- Emmanuel Macron, the New King of Europe?
by , http://www.theamericanconservative.com/
The French president has displaced Angela Merkel as the continent’s most powerful leader—and he has big plans for a big EU.
Despite concerns over too much centralization of the EU’s competencies, Brussels has only continued to consolidate power. It’s now moving to question the principle of unanimity that requires all nations to agree on foreign policy decisions, and is even constructing a European army.
In fact, the European Union’s strategy to regain its peoples’ trust hasn’t been to rethink the process of political integration, but to foster it. The mantra of “more Europe” is also shared by French president Emmanuel Macron. Macron has marked his appearances in the European Council (the body representing the member states of the EU) by demanding the introduction of a so-called “digital tax” on companies like Google, Amazon, and Facebook, as well as calling for a “Eurozone finance minister” and a budget for the 19 states that share the common euro currency. Macron also suggested the introduction of minimum wages in individual member states in order to “renew the European social model.” While 25 member states are gradually integrating their military forces through the Permanent Structured Cooperation (PESCO)—including upgrades to maritime surveillance, armored infantry vehicles, and artillery—Macron has made it crystal clear that “Europe is devoted to creating a common military force, a budget of a common defense, and of the doctrine of common defense to act.”
Macron is even digging out old and failed attempts at taxation by pleading for a European carbon tax and a relaunch of a financial transaction tax, which did not find support even under his socialist predecessor François Hollande.

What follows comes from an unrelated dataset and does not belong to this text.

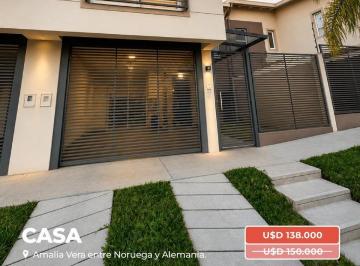 Casa · 130m² · 3 Ambientes · 1 Cochera · Duplex en Venta de 3 Dorm. en Posadas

In order to achieve his European dreams, Macron needs two things. First, he needs Germany. The Franco-German friendship has long determined the scope of the EU, and if Paris and Berlin agree on something, Brussels tends to follow their lead. With Germany governed by an aimless and purely opportunistic coalition government (and with the United Kingdom—long opposed to more EU centralization—out the door), Macron should have little problem getting what he wants. This has left him in the role of Europe’s unofficial leader, and the sudden French dominance of the political situation has become evident in both Paris and Berlin. Former foreign minister of Germany Sigmar Gabriel told the German press back in October that “France is dominating Germany on EU initiatives by 10 to 0.” The French newspaper Le Figaro, meanwhile, quoted a French government minister saying “Macron is a young and strong power; Merkel is a weak and fragile power.”